WHAT THE TASK REQUIRES: Return, word for word, every line starting at the line with "this 732×549 image." and ending at the final line of the entries; skip the pictures.

EXERCISE MATERIAL:
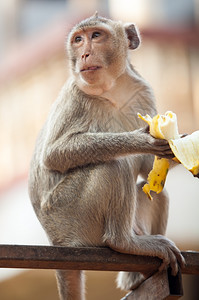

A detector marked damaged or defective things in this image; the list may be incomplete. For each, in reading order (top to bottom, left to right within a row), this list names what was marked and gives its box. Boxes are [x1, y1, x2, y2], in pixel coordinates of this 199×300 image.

rusty metal bar [0, 245, 198, 276]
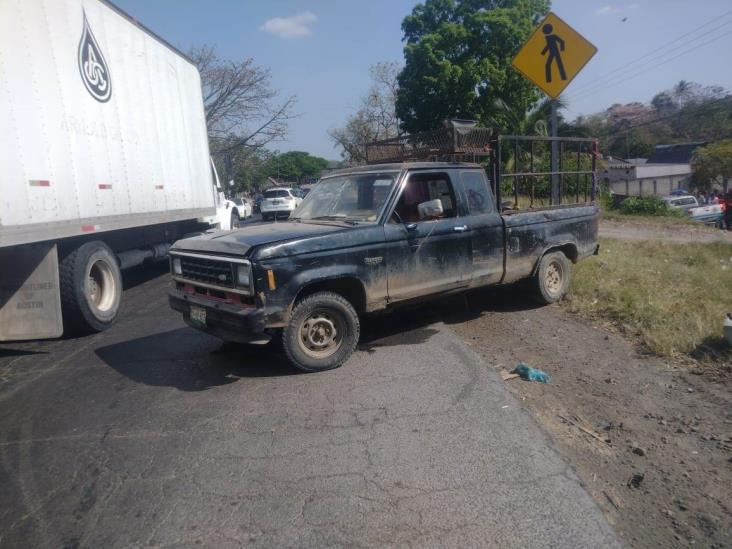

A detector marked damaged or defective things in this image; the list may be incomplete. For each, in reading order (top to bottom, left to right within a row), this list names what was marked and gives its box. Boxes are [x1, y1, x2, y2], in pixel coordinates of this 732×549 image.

cracked pavement [0, 266, 620, 548]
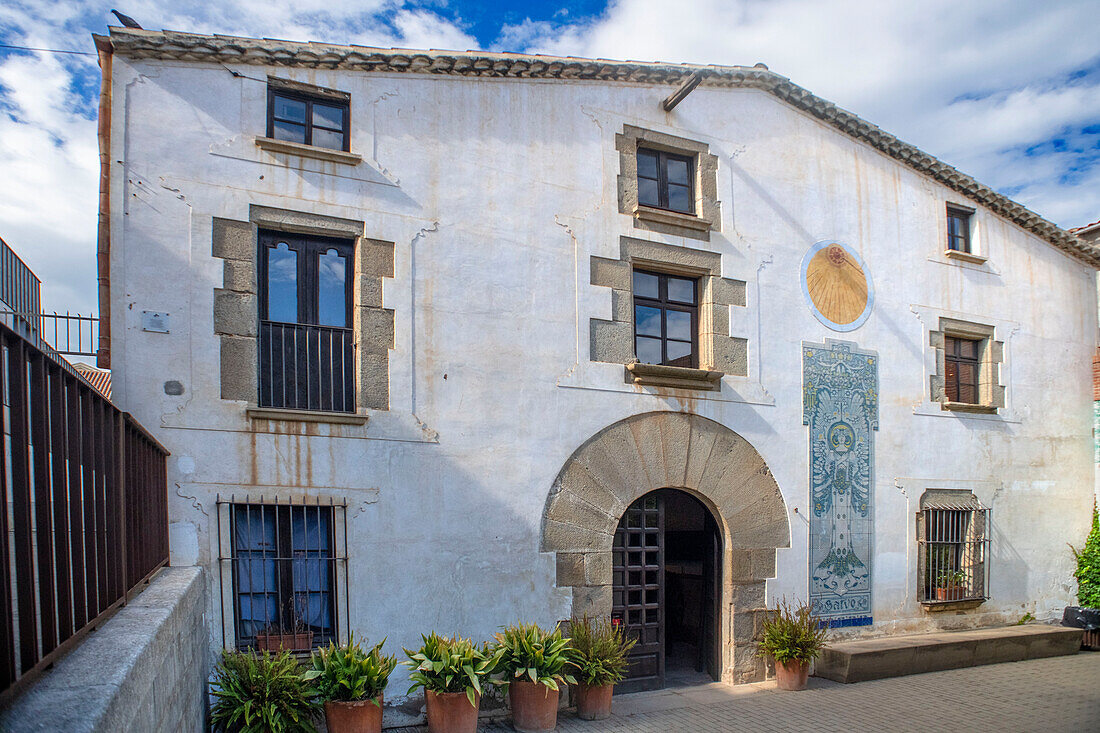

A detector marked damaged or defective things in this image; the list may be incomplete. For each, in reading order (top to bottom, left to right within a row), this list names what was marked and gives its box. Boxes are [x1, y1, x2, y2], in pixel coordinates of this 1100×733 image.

rusty iron railing [0, 319, 167, 695]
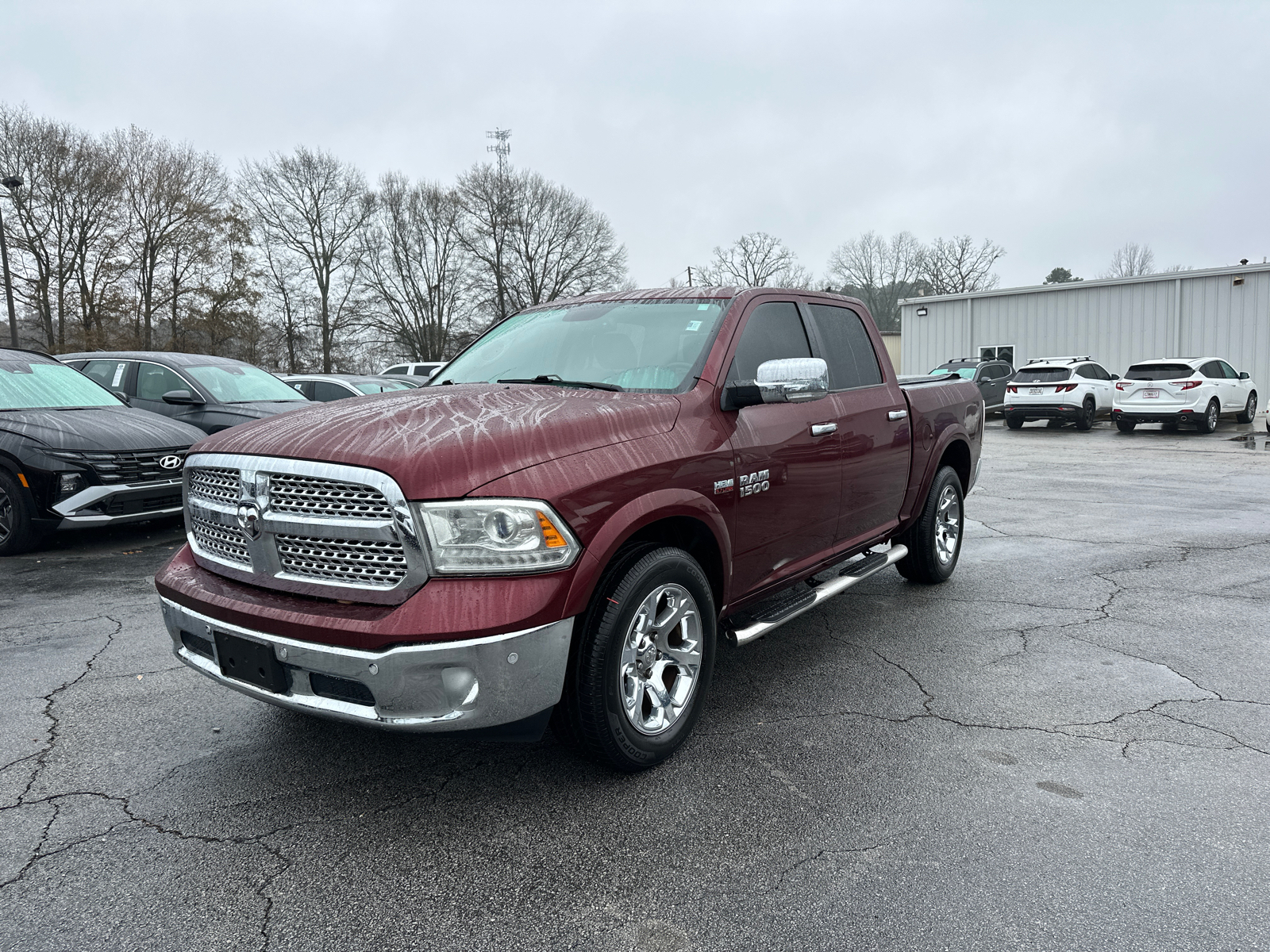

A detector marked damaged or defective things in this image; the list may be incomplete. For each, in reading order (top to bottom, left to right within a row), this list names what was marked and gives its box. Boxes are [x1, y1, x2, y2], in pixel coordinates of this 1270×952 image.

RESPONSE AREA:
A detector marked damaged or defective things in this image; the list may be incomplete. For each, in reading order (top to bottom, left to right within a row), this list names what was marked and gives its box. Boxes are [x1, y1, x2, y2], in pixel coordinates of this 732×549 image.

cracked pavement [0, 266, 620, 548]

A detector marked damaged or defective things in this image; the list may be incomplete. For each, in reading order (top to bottom, left to right within a row), this list names what was marked and gives its box. Boxes are [x1, y1, x2, y2], in pixel coordinates of this 1100×733 image.

rusty iron railing [0, 319, 167, 695]

A detector marked damaged or defective things in this image; the list may be incomplete. For each, in reading order (top to bottom, left to right within a row), this list names what was marked and gives its box. Boxes are [x1, y1, x2, y2], in pixel coordinates of this 1270×952 image.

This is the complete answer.